## YOUR GOAL
Copy each line of the listing below exactly and drop the images.

## INFORMATION PROVIDED

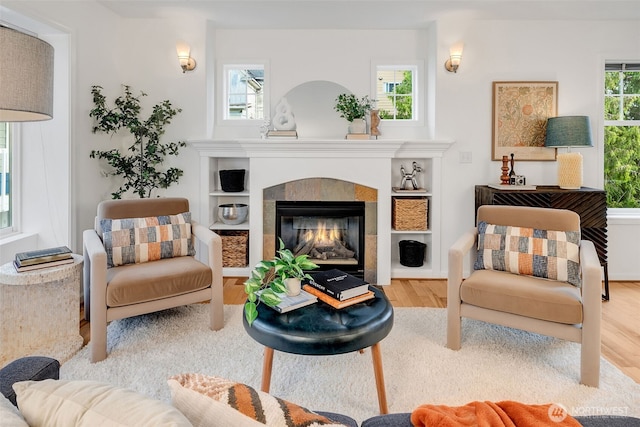 1824 23rd Ave Unit B, Seattle, WA 98122 - living room featuring wood finished floors and a fireplace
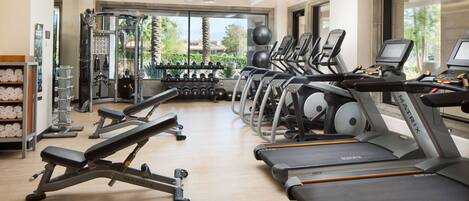A gym with treadmills, dumbbells, and weight machines.
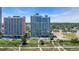 Elevated aerial view of condo buildings with pool amenities near a beach and dunes at 1700 N Ocean Blvd. # 651, Myrtle Beach, SC 29577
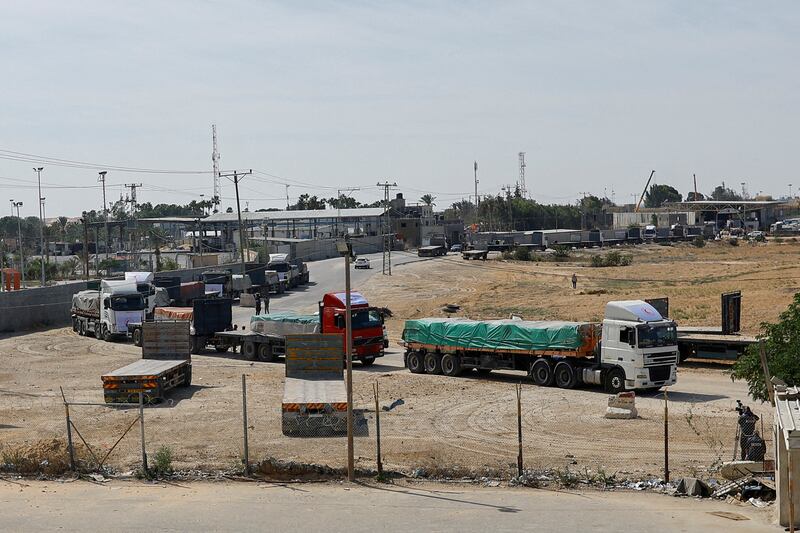 Lorries carrying aid wait to exit on the Gaza side of the Rafah border crossing with Egypt. Reuters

## WRITTEN SOLUTION
 1824 23rd Ave Unit B, Seattle, WA 98122 - living room featuring wood finished floors and a fireplace
A gym with treadmills, dumbbells, and weight machines.
 Elevated aerial view of condo buildings with pool amenities near a beach and dunes at 1700 N Ocean Blvd. # 651, Myrtle Beach, SC 29577
 Lorries carrying aid wait to exit on the Gaza side of the Rafah border crossing with Egypt. Reuters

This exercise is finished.